Three incredibly special hotels where I wanted to cry when I had to leave, preferring instead to lock the door and stay for a month! They are not necessarily the most expensive in their locale, but they all offer a totally unique local experience with service by the bucket load.

So here they are – if you get the chance to visit, even for a drink or afternoon tea, they are worth every penny.

Legado Mitico Hotel, Buenos Aires, Argentina

An extraordinary clubby boutique hotel in the Palermo district of Buenos Aires. Rooms in the Legado Mitico are very generous in size and each one pays homage to a famous Argentinian. We stayed in the Evita room – La Primera Dama – of course. The décor is classic with a twist, lots of dark timber, leather chairs and sofas, and bright pops of colour in the cushions and lampshades.

The themed rooms include a wealth of memorabilia on your rooms hero or heroine. The hotel lobby is discreet, stylish, and a virtual library of local history and traditions. The breakfast buffet is generous and eclectic. And the staff simply can’t do enough to ensure your BA visit is super memorable. The Palermo district is central and home to many buzzy cafes, bars, restaurants and amazing architecture.

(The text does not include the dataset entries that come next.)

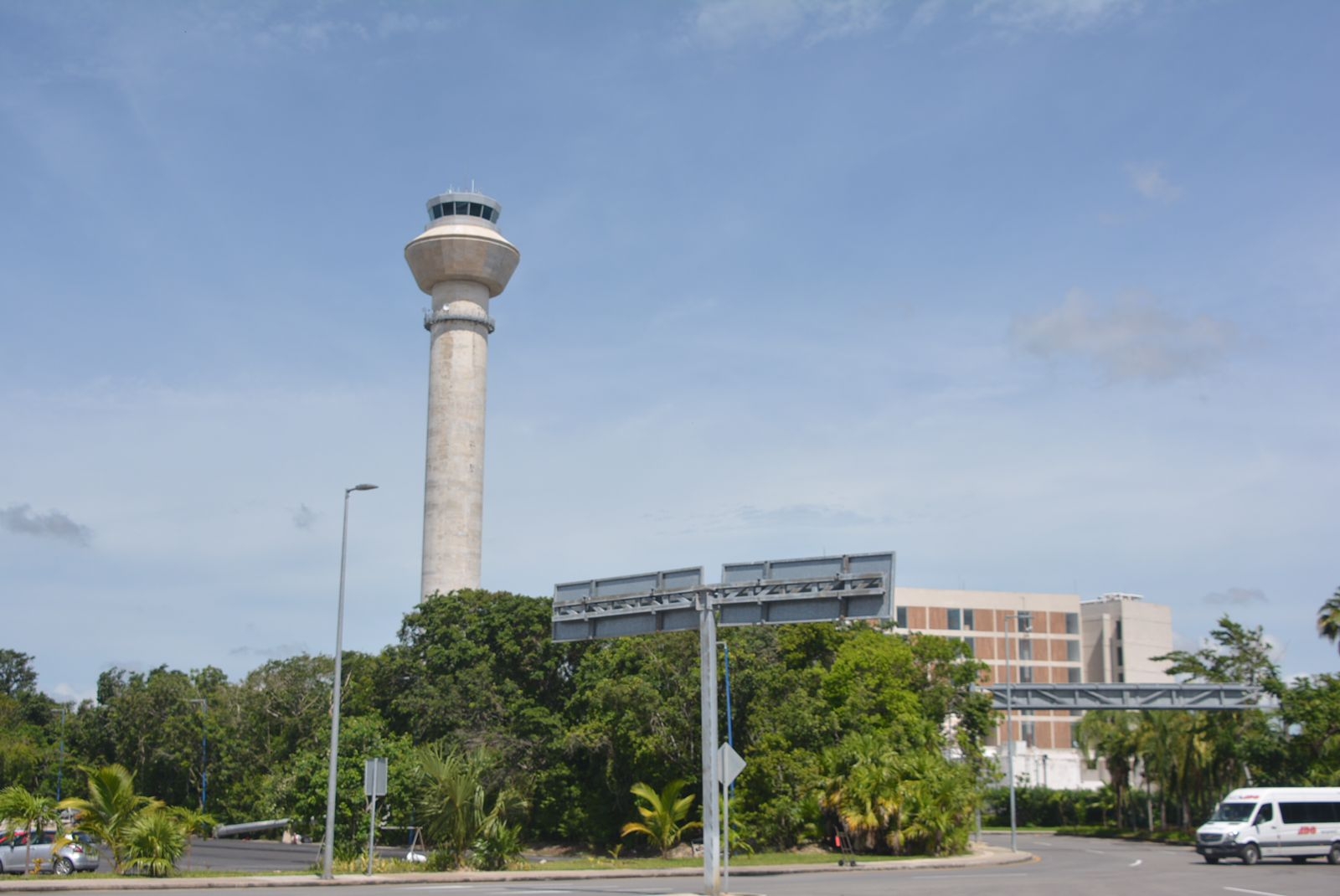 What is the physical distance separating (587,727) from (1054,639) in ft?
251

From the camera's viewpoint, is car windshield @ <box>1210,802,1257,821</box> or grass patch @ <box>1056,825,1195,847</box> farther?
grass patch @ <box>1056,825,1195,847</box>

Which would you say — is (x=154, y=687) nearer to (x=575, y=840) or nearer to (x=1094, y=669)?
(x=575, y=840)

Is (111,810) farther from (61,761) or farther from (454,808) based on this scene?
(61,761)

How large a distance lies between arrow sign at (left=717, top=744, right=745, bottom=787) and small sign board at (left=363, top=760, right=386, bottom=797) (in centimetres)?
882

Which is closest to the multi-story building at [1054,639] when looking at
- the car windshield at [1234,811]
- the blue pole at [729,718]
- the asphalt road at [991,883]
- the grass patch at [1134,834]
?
the grass patch at [1134,834]

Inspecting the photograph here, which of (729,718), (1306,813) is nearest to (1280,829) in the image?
(1306,813)

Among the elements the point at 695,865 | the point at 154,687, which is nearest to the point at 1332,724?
the point at 695,865

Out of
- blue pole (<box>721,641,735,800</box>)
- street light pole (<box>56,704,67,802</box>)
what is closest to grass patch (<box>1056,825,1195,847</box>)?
blue pole (<box>721,641,735,800</box>)

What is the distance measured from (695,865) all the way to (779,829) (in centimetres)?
815

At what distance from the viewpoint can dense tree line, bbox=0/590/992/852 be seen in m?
40.9

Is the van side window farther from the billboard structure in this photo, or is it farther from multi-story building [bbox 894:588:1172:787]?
multi-story building [bbox 894:588:1172:787]

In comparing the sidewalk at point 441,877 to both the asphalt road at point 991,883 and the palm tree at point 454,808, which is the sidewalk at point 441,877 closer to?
the asphalt road at point 991,883

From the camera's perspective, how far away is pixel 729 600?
2705cm

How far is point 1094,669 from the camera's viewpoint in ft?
393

Inkaterra Machu Picchu Pueblo Hotel, Machu Picchu, Peru

There’s getting away from it all, then there is really getting away from it all. And while the Inkaterra, Machu Picchu may be classified as luxury, the most overwhelming experience is that of being at one in the Peruvian environment. This is because this hotel has no imposing structures, instead, it is an Andean village with stone pathways connecting the 83 whitewashed adobe casitas, with the restaurant, spas and waterfalls.

There are evening jungle walks and the chance to experience bird calls from more than 214 bird species, or to view a wide variety of local orchids. Breakfast and dinner may be enjoyed overlooking the Vilcanota River. The individual casitas (lodges) and beautiful, yet simply decorated and all product is based on local botanical species. The Inkaterra offers the ultimate ecological escape.



And last, but never least, the legendary Mandarin Oriental in Hong Kong

Images from www.mandarinoriental.com – the majority of photographs displayed on the website are from Melbourne-based photographer George Apostolidis

What a divine experience awaits you if you are lucky to stay at this historic hotel. Originally located on the waterfront of Hong Kong harbor, reclamation now means it is a street or two back from the water’s edge in Connaught Street. You arrive by train from the airport, then cab, and as you are greeted at reception you are taken immediately to your room for check in, accompanied by a fine China tea and biscuit or, depending upon your preference, perhaps a glass of Champagne.

Images from www.mandarinoriental.com – the majority of photographs displayed on the website are from Melbourne-based photographer George Apostolidis.

This hotel knows exactly what it does best. It offers exemplary old-school service, where nothing is too much trouble to keep the guest happy. My favourite part of the hotel is the Clipper Lounge where breakfast is served – a wonderful East meets West buffet spread with endless dim sum options. The Captain’s Bar is a quirky retreat and for those with a sweet tooth, the Mandarin Cake Shop, under the watchful eye of the Pastry Chef of the Year, Yves Matthey, serves the most decadent treats in town. And when you are replete, just head to your room, pull back the curtains and enjoy the view of the world’s most interesting harbor.

What about you? Have you stayed at a truly iconic international hotel? Where was it and what made it great?